Virtuous Vulgarity: Material Cultures of Porn and Pedagogy in Dakar, Sengal

Colloquium | March 13 | 12:30-2 p.m. | 223 Moses Hall

 Juliana Friend, PhD Candidate, Dept of Anthropology, University of California, Berkeley

 Center for African Studies

In sex education circles, young Dakarois often affirmed: “There is no pornography ‘made in Senegal.’” Senegal, they explained, is a country of sutura. This claim invokes the Wolof value of discretion or modesty. In historically persistent yet contingent ways, the ethics of sutura have predicated a person’s honor and, co-constitutively, their legible gender identity on proper management of public/private boundaries (Mills 2011). When the Senegalese press reported a cybersecurity team’s search for the founder of a porn website boasting porn “made in Senegal,” this invited explicit discussion of sutura and technology. My presentation explores how various kinds of sexually explicit images - sometimes but not always taxonomized as le porno -- transgress, push on, or renegotiate the boundaries around “private life” policed in the name of sutura. Through a working concept of “virtuous vulgarity,” I explore sites within erotic economies where images considered to violate sutura - and thus make one’s femininity illegible - enter normatively feminine repertoires of erotic seduction, and in turn, bolster practices of ethical self-making. I seek to understand how subjects differently positioned in relation to gendered norms of sutura rework their ethical relationship to sex, technology, and femininity when faced with unexpected “leaks” in projected boundaries between concealment and revelation, ethics and sin.

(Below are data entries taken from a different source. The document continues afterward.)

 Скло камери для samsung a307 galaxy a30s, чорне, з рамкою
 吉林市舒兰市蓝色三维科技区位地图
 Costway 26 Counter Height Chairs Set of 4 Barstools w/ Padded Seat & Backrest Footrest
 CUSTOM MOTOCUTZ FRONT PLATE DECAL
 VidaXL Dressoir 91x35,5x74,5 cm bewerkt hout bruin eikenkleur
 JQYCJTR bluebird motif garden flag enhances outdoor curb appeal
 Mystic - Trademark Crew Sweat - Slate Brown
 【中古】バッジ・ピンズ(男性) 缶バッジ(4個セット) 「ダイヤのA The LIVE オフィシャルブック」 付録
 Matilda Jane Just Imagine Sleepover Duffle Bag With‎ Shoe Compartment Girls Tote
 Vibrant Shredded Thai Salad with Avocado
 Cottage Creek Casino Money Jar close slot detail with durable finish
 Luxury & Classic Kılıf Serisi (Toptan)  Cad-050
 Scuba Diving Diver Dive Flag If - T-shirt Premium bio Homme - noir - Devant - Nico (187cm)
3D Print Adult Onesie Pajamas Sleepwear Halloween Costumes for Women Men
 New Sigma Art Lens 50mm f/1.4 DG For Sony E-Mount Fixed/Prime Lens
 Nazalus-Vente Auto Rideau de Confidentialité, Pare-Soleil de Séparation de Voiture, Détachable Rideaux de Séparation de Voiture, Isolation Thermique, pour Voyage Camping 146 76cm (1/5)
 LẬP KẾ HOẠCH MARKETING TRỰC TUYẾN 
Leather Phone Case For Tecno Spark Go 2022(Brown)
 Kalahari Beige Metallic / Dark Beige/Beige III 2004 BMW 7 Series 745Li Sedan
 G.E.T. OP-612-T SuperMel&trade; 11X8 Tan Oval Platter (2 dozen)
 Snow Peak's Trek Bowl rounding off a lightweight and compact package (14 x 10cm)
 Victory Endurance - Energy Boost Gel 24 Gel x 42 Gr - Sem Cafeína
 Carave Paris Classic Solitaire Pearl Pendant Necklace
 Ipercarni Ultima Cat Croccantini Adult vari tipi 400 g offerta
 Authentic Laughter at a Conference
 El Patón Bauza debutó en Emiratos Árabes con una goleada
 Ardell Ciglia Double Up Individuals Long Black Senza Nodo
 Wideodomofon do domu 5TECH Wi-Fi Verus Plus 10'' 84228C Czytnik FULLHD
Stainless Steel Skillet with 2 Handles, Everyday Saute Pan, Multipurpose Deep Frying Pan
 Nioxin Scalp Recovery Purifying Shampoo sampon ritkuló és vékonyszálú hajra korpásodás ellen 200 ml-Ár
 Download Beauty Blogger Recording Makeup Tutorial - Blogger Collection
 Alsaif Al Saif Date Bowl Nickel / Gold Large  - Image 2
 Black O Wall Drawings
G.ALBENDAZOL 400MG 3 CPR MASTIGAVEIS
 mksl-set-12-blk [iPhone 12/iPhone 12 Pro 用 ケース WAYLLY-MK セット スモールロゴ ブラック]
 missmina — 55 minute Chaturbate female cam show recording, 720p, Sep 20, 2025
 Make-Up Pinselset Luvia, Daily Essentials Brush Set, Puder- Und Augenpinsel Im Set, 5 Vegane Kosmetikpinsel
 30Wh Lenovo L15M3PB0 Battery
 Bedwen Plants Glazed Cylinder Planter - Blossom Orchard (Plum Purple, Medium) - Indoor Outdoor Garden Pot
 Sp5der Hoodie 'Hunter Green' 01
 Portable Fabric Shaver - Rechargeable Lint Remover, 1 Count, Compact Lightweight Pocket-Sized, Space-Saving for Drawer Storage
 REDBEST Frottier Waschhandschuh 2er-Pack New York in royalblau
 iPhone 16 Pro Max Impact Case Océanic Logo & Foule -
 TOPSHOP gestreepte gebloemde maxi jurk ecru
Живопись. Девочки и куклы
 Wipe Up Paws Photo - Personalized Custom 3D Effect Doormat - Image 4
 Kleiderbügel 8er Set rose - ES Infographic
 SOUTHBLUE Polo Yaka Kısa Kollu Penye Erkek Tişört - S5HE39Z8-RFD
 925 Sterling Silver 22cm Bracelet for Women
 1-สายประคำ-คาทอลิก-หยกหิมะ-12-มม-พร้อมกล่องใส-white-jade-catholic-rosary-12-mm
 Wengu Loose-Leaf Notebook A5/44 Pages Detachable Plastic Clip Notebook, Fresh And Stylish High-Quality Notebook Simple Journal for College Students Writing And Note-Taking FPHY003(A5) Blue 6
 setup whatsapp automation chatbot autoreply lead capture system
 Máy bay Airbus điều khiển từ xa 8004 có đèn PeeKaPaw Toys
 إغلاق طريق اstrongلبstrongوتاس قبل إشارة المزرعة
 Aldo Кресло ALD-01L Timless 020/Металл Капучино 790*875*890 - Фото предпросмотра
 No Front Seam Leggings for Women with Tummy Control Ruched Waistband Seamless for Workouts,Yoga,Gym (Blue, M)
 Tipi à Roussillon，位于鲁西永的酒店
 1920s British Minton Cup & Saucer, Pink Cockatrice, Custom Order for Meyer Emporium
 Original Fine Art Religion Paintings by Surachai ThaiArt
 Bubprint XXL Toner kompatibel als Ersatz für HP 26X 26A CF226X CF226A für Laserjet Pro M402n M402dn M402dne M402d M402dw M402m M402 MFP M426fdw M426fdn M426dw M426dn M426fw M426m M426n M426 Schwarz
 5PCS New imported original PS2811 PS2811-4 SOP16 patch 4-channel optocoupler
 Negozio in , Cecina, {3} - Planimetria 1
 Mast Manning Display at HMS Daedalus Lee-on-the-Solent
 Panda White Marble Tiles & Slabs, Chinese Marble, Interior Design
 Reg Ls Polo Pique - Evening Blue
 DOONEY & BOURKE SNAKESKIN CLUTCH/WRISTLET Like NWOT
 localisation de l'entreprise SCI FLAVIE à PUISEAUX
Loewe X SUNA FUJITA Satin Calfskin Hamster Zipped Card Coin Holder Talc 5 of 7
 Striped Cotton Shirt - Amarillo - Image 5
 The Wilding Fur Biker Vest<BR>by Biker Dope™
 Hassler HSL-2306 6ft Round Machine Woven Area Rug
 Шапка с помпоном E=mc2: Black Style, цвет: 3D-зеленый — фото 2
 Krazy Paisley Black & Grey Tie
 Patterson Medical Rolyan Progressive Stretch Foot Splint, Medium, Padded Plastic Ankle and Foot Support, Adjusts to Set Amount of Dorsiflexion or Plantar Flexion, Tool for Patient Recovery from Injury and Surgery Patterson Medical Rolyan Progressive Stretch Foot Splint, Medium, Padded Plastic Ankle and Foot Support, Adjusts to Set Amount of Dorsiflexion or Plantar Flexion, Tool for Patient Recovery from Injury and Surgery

Juliana Friend is a PhD candidate in anthropology at University of California, Berkeley. Her research focuses on sexuality, media, and public health in West Africa. Co-founder of the experimental ethnographic archive, she explores collaborative modes of producing and circulating ethnographic knowledge. She is also a contributing editor for the Society for Cultural Anthropology’s Visual and New Media Review. Her research has been supported by the Wenner-Gren Foundation, the Social Science Research Council, a Fulbright fellowship, and Berkeley’s Center for African Studies.